The choice of insulating material between
the plates, as was mentioned before, has a great impact upon
how much field flux (and therefore how much charge) will
develop with any given amount of voltage applied across the
plates. Because of the role of this insulating material in
affecting field flux, it has a special name: dielectric.
Not all dielectric materials are equal: the extent to which
materials inhibit or encourage the formation of electric
field flux is called the permittivity of the
dielectric.
The measure of a capacitor's ability to
store energy for a given amount of voltage drop is called
capacitance. Not surprisingly, capacitance is also a
measure of the intensity of opposition to changes in voltage
(exactly how much current it will produce for a given rate
of change in voltage). Capacitance is symbolically denoted
with a capital "C," and is measured in the unit of the
Farad, abbreviated as "F."
Convention, for some odd reason, has favored
the metric prefix "micro" in the measurement of large
capacitances, and so many capacitors are rated in terms of
confusingly large microFarad values: for example, one large
capacitor I have seen was rated 330,000 microFarads!! Why
not state it as 330 milliFarads? I don't know.
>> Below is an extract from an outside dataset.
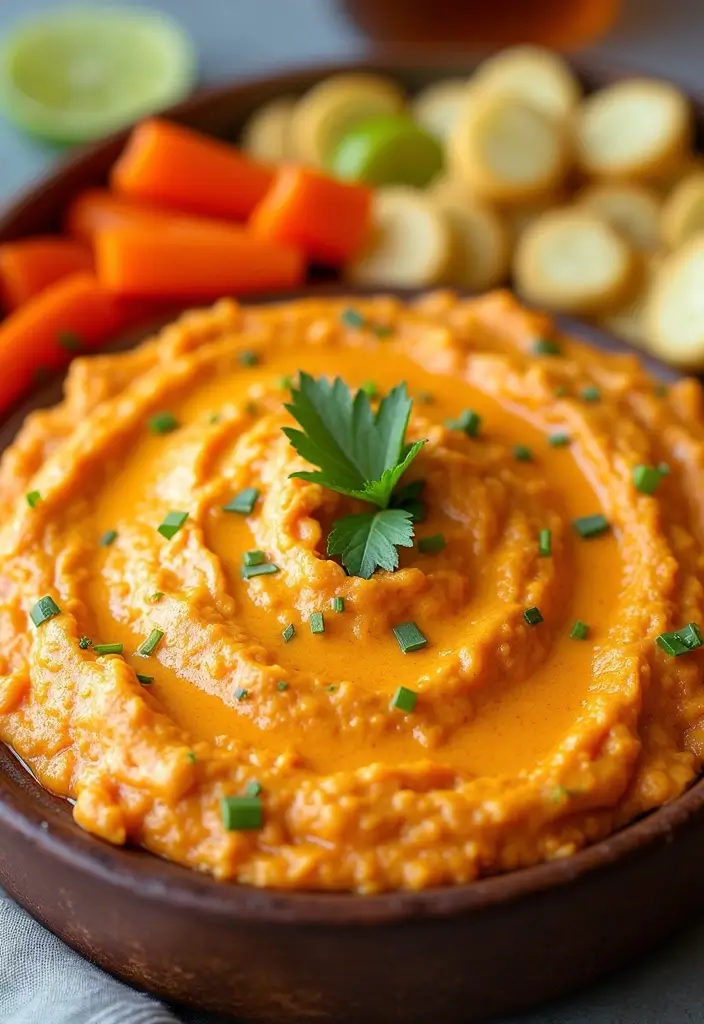30 Low Carb Buffalo Chicken Dip Recipes That Are Keto & Delicious - 29. Buffalo Chicken Dip with Honey Mustard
An obsolete name for a capacitor is
condenser or condensor. These terms are not used
in any new books or schematic diagrams (to my knowledge),
but they might be encountered in older electronics
literature. Perhaps the most well-known usage for the term
"condenser" is in automotive engineering, where a small
capacitor called by that name was used to mitigate excessive
sparking across the switch contacts (called "points") in
electromechanical ignition systems.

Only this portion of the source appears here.